A bill in the Alabama State Legislature proposed to ensure protect a student’s right to express religious beliefs on public school property received a favorable report from the state's Education Policy Committee on Thursday.
The legislation under consideration would prohibit school district officials from discriminating against students and parents for religious reasons and would allow religious expression in schools.
Education Policy Committee Chairperson Terri Collins said she thinks this legislation would make students more comfortable with expressing their faiths without fear of retribution.
“We want them to be able to express themselves as they want, whether it’s in a project, or whatever,” Collins said. “It is about letting them have the same freedoms we all do.”

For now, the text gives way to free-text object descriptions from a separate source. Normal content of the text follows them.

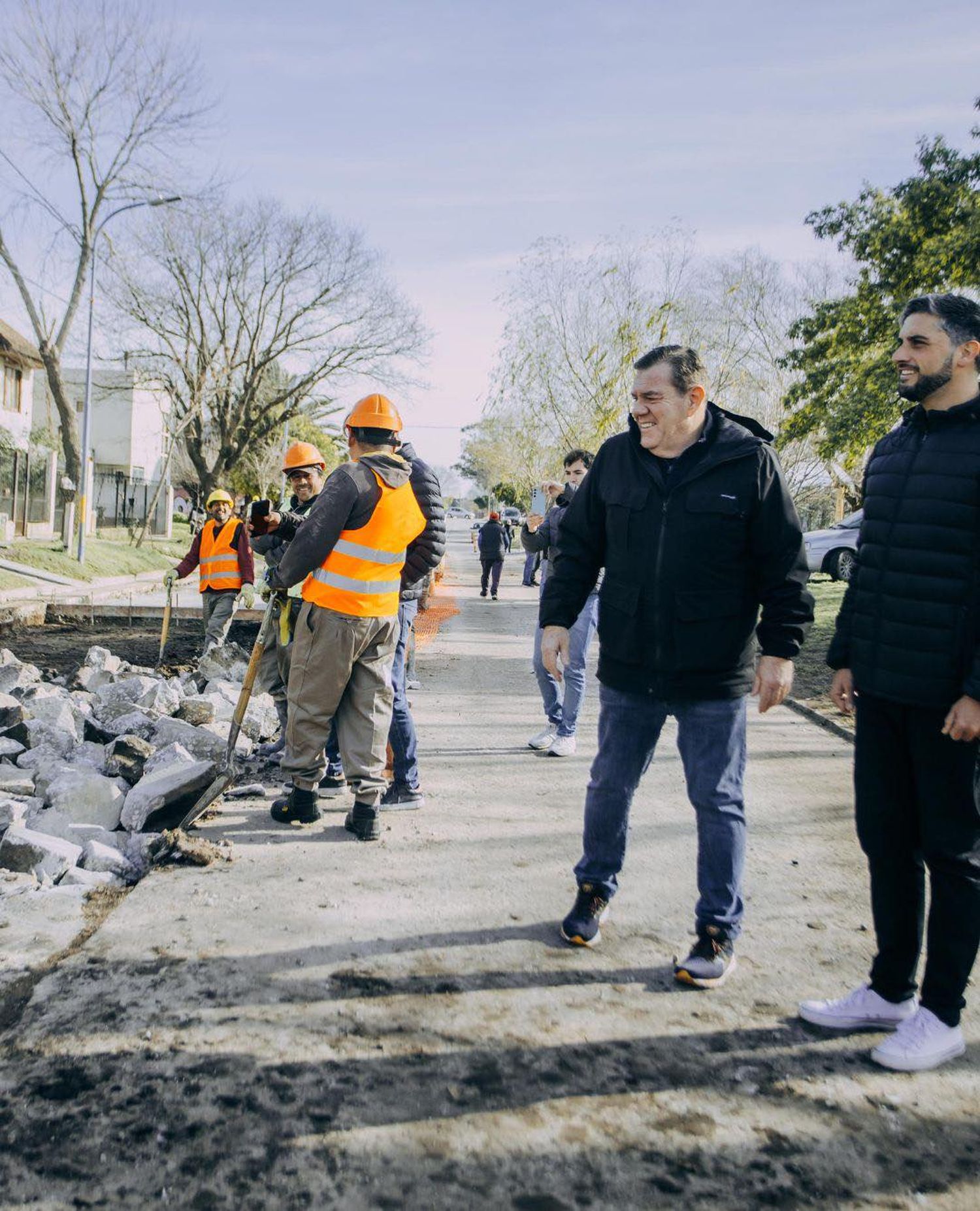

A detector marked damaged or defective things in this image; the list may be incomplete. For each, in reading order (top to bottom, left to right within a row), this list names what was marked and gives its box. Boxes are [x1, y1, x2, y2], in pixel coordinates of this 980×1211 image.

broken concrete chunk [197, 639, 250, 688]
broken concrete chunk [179, 697, 220, 722]
broken concrete chunk [0, 760, 38, 799]
broken concrete chunk [45, 765, 125, 833]
broken concrete chunk [103, 731, 152, 780]
broken concrete chunk [119, 755, 216, 833]
broken concrete chunk [142, 741, 196, 780]
broken concrete chunk [0, 823, 82, 881]
broken concrete chunk [59, 872, 119, 891]
broken concrete chunk [79, 842, 139, 881]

The legislation states each school system will adopt its own religious freedoms policy. Republicans in the Alabama State Legislature said House Bill 1 is a top priority this session.
Other states with Republican-controlled state legislatures have also authored bills concerning public school students’ rights to express religious thoughts and sentiments.
On Tuesday, the Georgia State Senate Judiciary Committee voted to approve Senate Bill 129, a religious liberty bill. The Georgia General Assembly will debate this and another religious liberty bill this session.
Critics of the bill say they think religious liberty bills are not necessary and could lead to more discrimination.
“It is not just bad public policy; it is ill-conceived, unnecessary, mean-spirited and deserving of a swift death in the General Assembly,” said former Georgia Attorney General Michael Bowers.
Collins said the bill is necessary because she thinks public schools do not encourage students to freely express their religious beliefs.
“(Students) have religious freedoms, they have the same freedoms as adults, but because they’re in a school environment, under supervision, sometimes there’s a caution that’s built in,” Collins said.